Don’t worry it totally makes sense when you look at the context for the exhibition.

 

Back in the 17th and 18th century Spain was an absolute powerhouse in Europe. Northern Europe and England were having some qualms about whether they wanted to still be affiliated with the Catholic Church or not. Historically, this was known as the Reformation. France wasn’t super sure where it stood. Italy was still mostly a group of different provinces, ruled by different families and governments but its artistic scenes in the likes of Rome, Venice, Bologna, Florence and Milan were still going strong after the Renaissance (the so-called re-birth of painting and sculpture after the medieval period. This when artists like Leonardo, Michelangelo, Donatello and Raphael, aka the Teenage Mutant Ninja Turtles, were doing really impressive stuff). Massive chunks of Italy, like Naples and Sicily were owned by Spain, as was France at one stage.

 

The Church in Rome was pretty nervous about all of the countries that didn’t want to be Catholic anymore so they wanted to Spain on their team. Spain liked the Church, Italy’s culture and ties to Ancient Rome so boom! Massive art trade!

 

Some of the works in this exhibition were commissioned as gifts to the Spanish royal family, some were commissioned by the royal family, and others had been made for other people but were later acquired for the royal court, it’s palace, cathedrals, convents and monasteries.

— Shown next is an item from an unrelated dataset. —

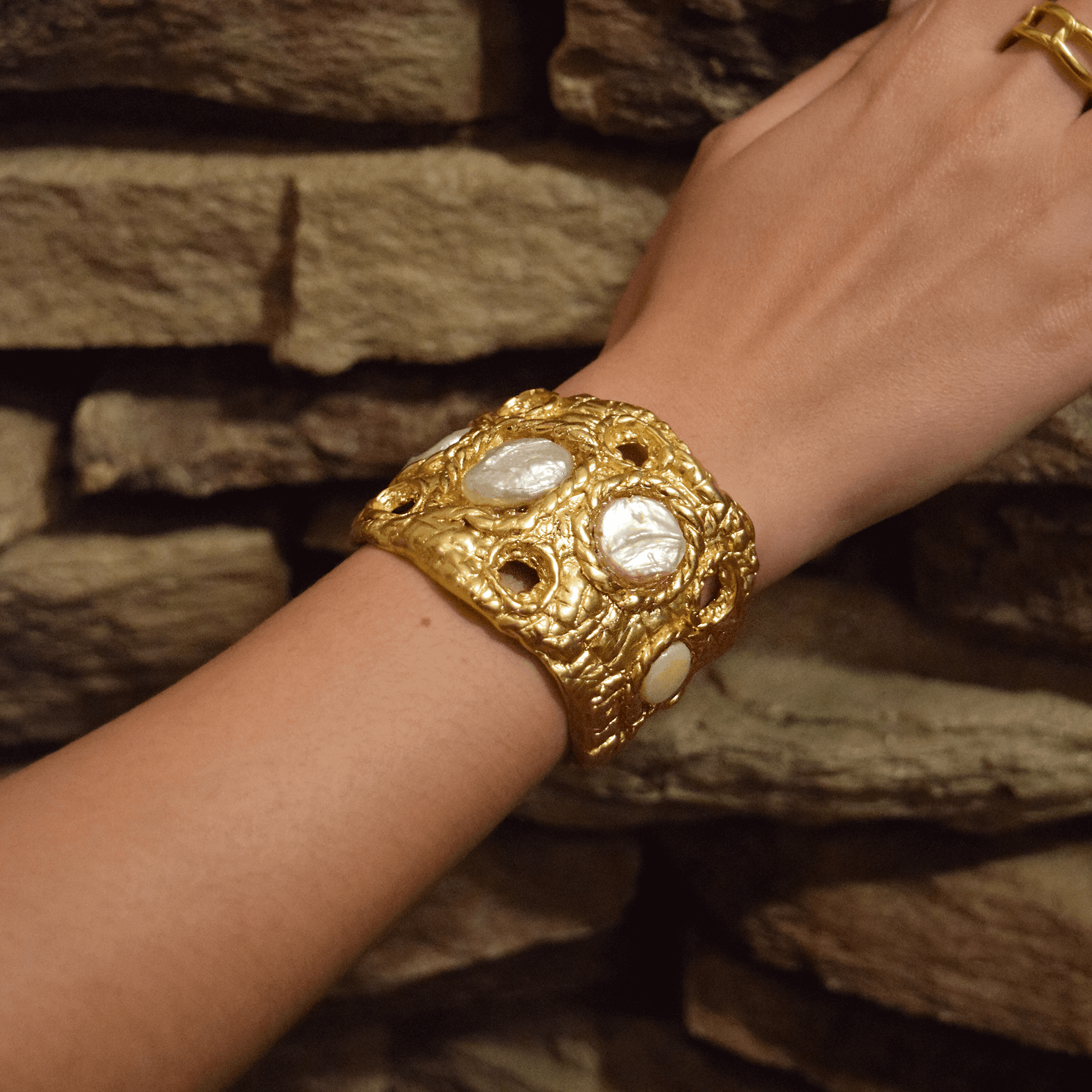 B74620 Bracelet manchette texturée perle - Karine Sultan - Créations Uniques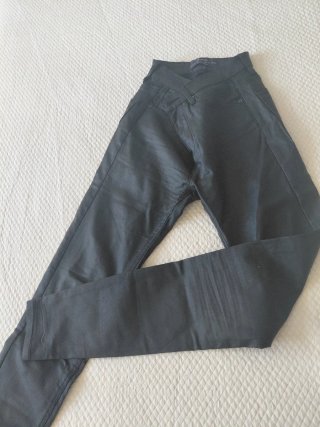 Pantalones pitillo engomados negros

Not all of them were acquired in a particularly legal way but that’s history for you.

 

Some of these artworks classify as Renaissance (around the 14th-16th centuries) and some are Rococo (later 18th century) but most of the artworks in the exhibition are Baroque (17th and 18th centuries). Baroque art was given a really bad rap from the 19th century up until the mid-twentieth century. I can understand this, to an extent.

 

A lot of baroque painting is decadent and melodramatic, the scenes often crowded and the figures aren’t always as idealistic as those of the Renaissance but these are also reasons to like these works. There’s a lot to take in but it’s not necessarily overwhelming. It definitely helps if you already know stories from the Bible, or about the lives of saints but you don’t have to be religious to look at a painting and have an opinion. Other subjects covered by works in the exhibition include portraits, still-lifes and, my personal favourite, scenes that depicted Roman mythologies or Ancient Roman life. The painting with the elephants is pretty darn cool.